INPUT RECORDS –
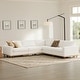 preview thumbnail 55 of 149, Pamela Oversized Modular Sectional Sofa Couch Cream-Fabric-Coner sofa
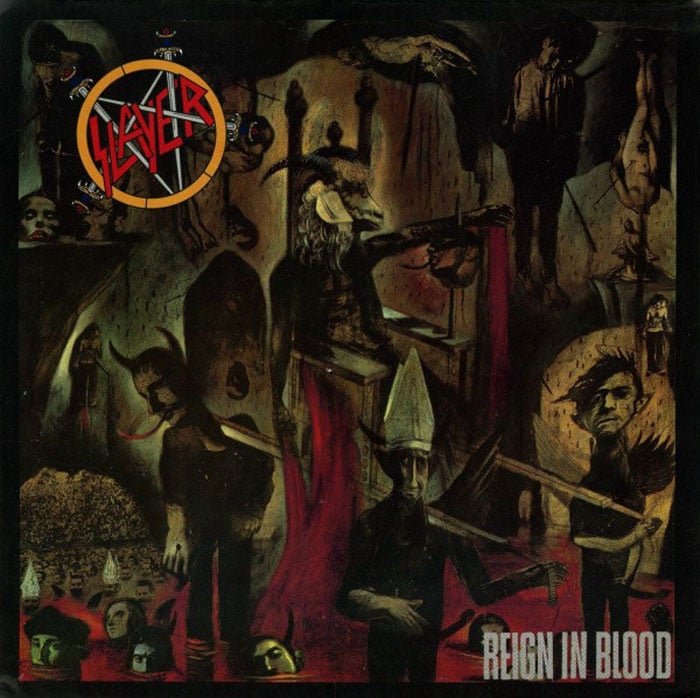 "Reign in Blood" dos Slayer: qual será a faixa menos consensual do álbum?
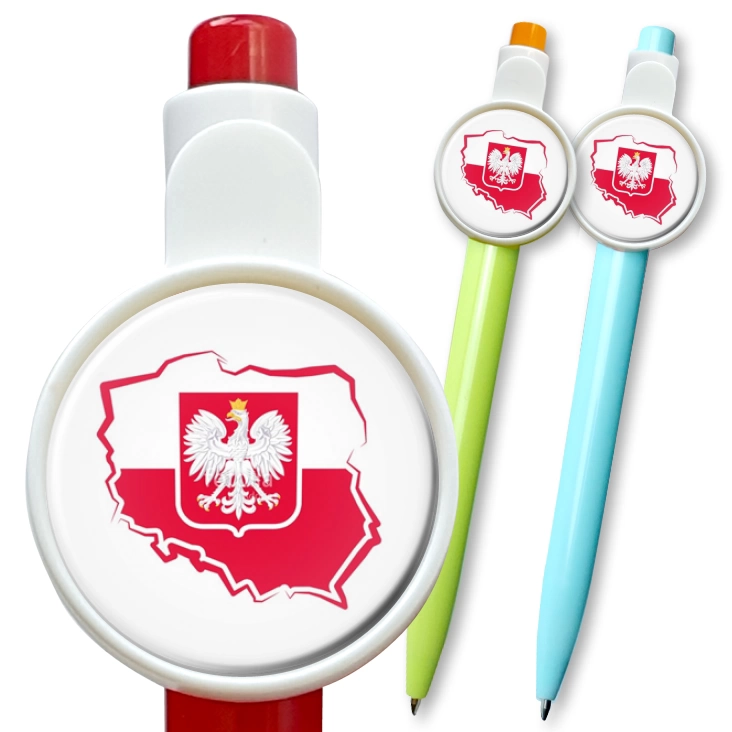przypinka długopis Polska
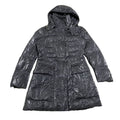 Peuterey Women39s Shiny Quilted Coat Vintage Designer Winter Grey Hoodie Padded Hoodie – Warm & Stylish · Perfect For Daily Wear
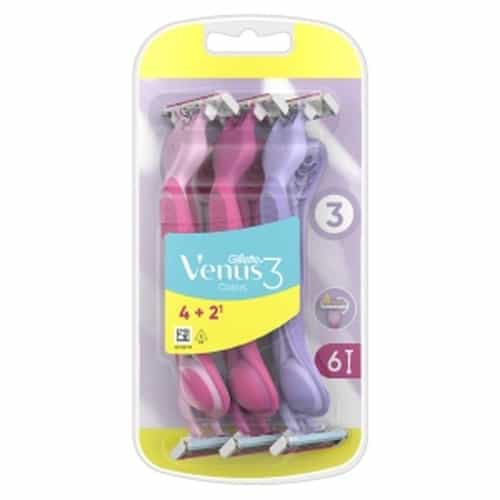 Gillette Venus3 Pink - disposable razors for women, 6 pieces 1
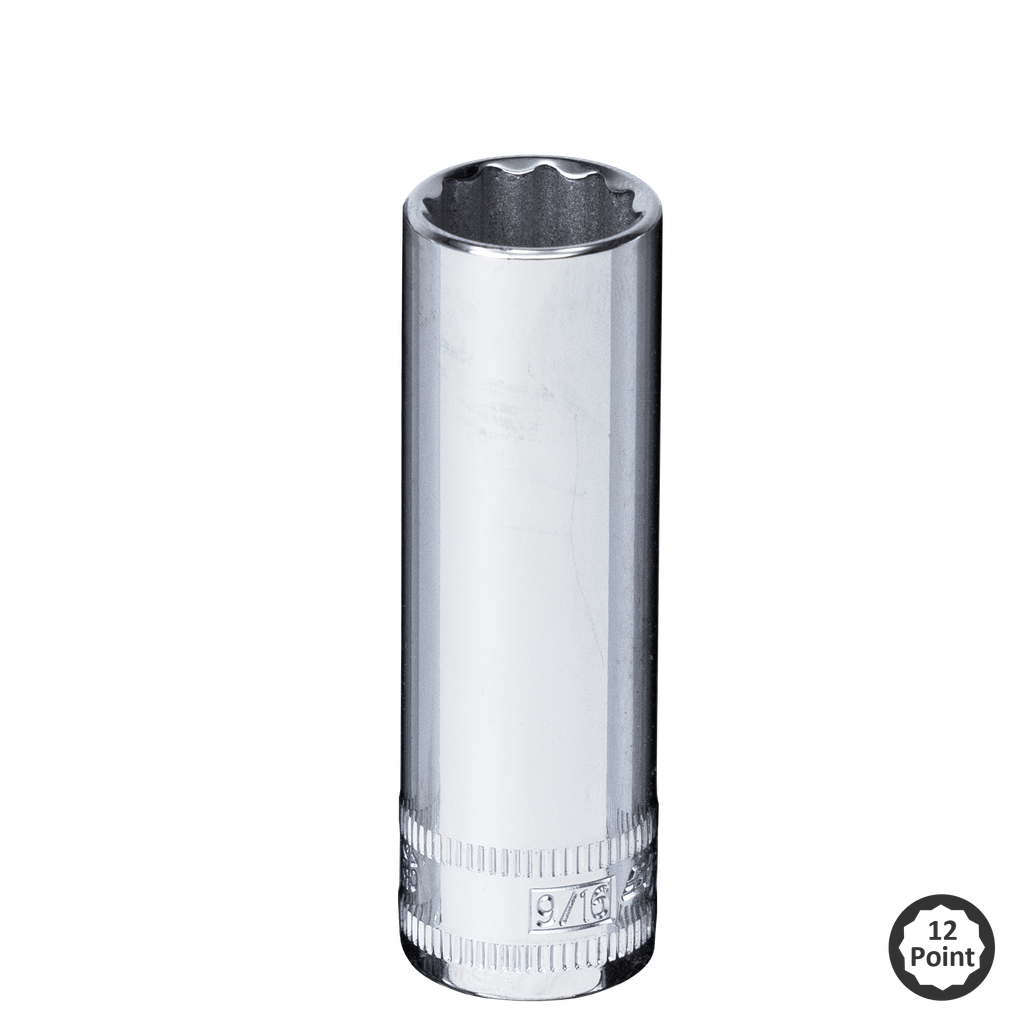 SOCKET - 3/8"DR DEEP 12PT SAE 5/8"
...
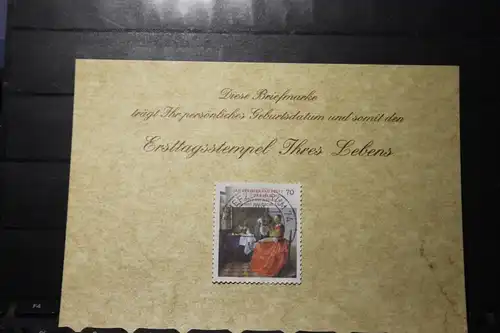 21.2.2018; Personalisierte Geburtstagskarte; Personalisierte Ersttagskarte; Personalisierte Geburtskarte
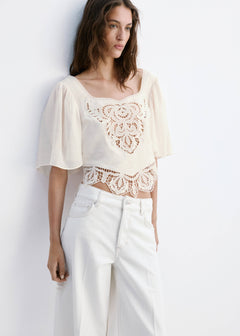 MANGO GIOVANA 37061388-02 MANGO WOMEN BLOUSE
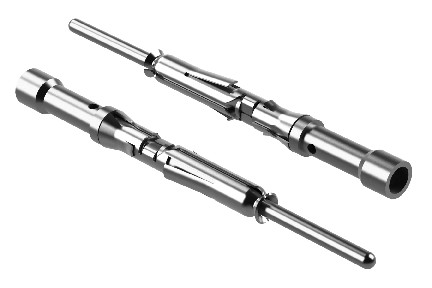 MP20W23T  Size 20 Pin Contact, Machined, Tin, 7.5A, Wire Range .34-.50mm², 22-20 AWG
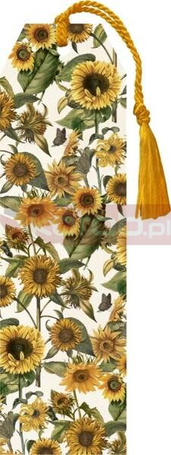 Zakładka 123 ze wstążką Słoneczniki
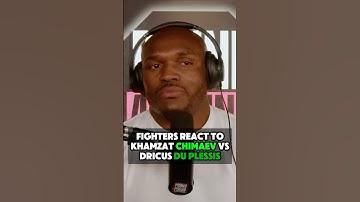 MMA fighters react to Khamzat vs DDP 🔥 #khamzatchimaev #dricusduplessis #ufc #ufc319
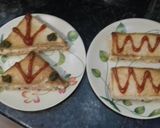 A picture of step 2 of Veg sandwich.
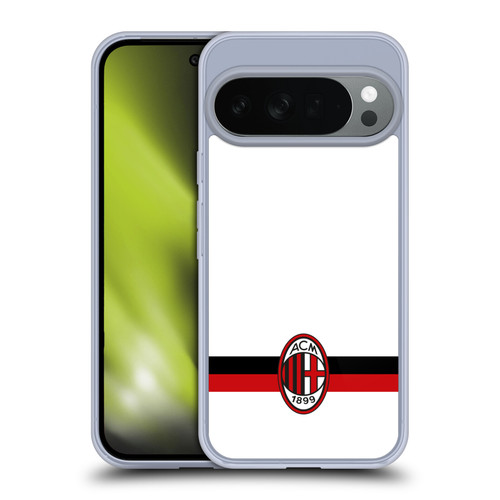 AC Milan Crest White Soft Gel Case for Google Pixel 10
==
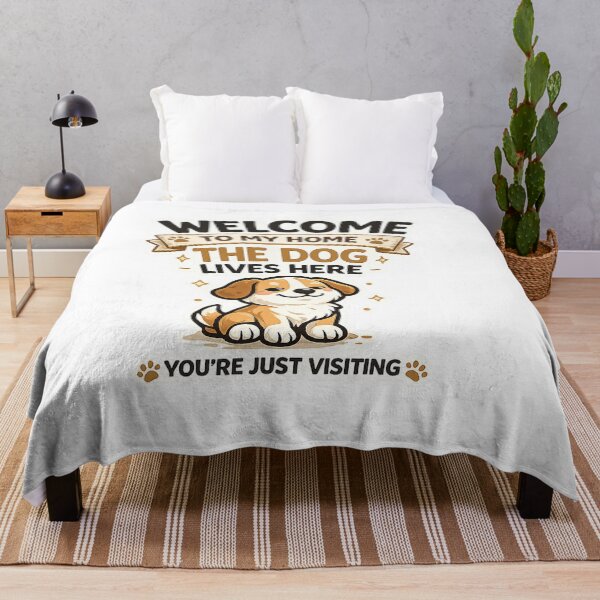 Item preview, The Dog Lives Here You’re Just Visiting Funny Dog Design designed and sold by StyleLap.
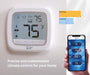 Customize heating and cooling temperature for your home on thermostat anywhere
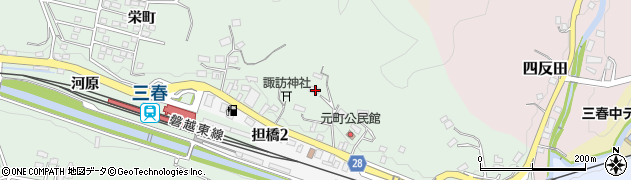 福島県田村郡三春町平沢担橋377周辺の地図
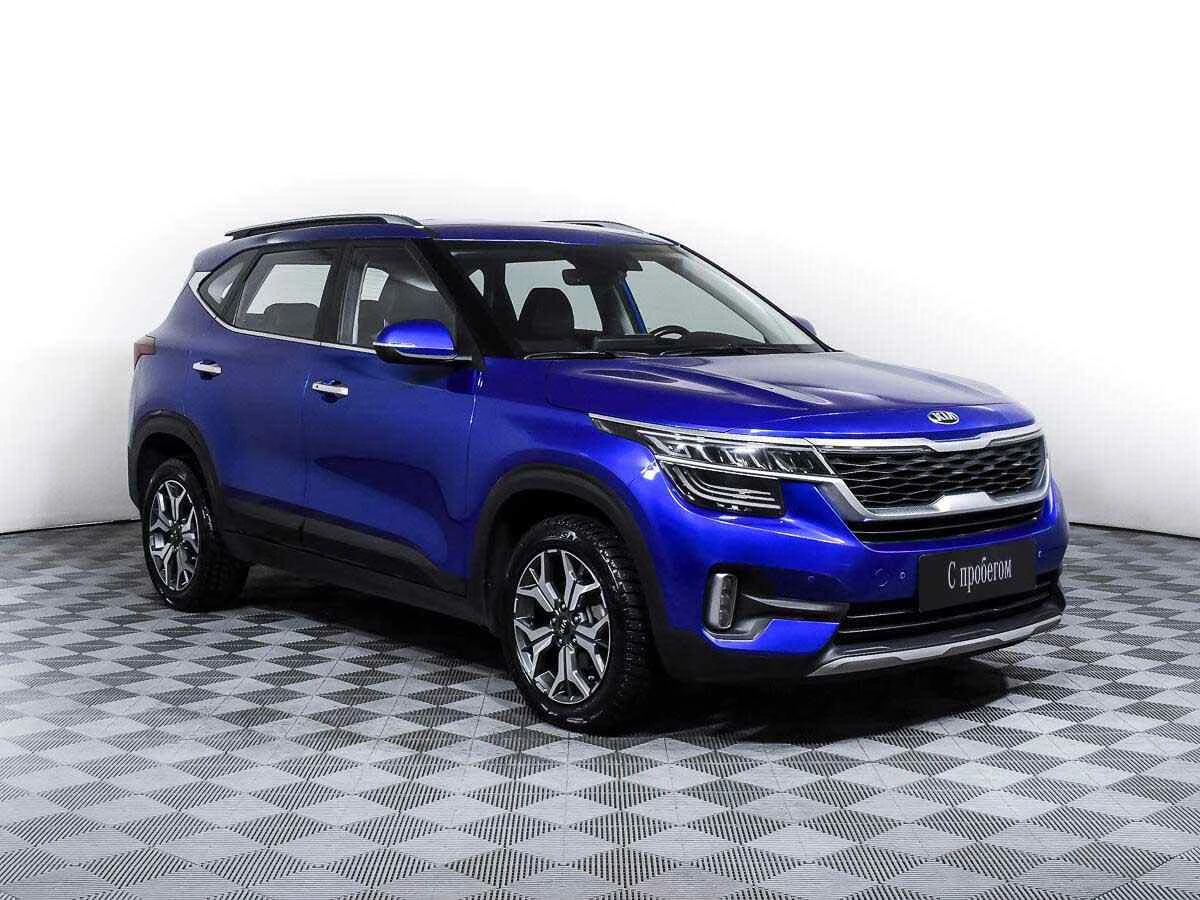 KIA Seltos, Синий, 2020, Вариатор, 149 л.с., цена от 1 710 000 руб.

TASK DIRECTIONS – Respond with the exact lines above running from the one containing "preview thumbnail 55" to the one containing "przypinka długopis Polska", both ends kept and no pictures included.

TASK RESPONSE –
 preview thumbnail 55 of 149, Pamela Oversized Modular Sectional Sofa Couch Cream-Fabric-Coner sofa
 "Reign in Blood" dos Slayer: qual será a faixa menos consensual do álbum?
przypinka długopis Polska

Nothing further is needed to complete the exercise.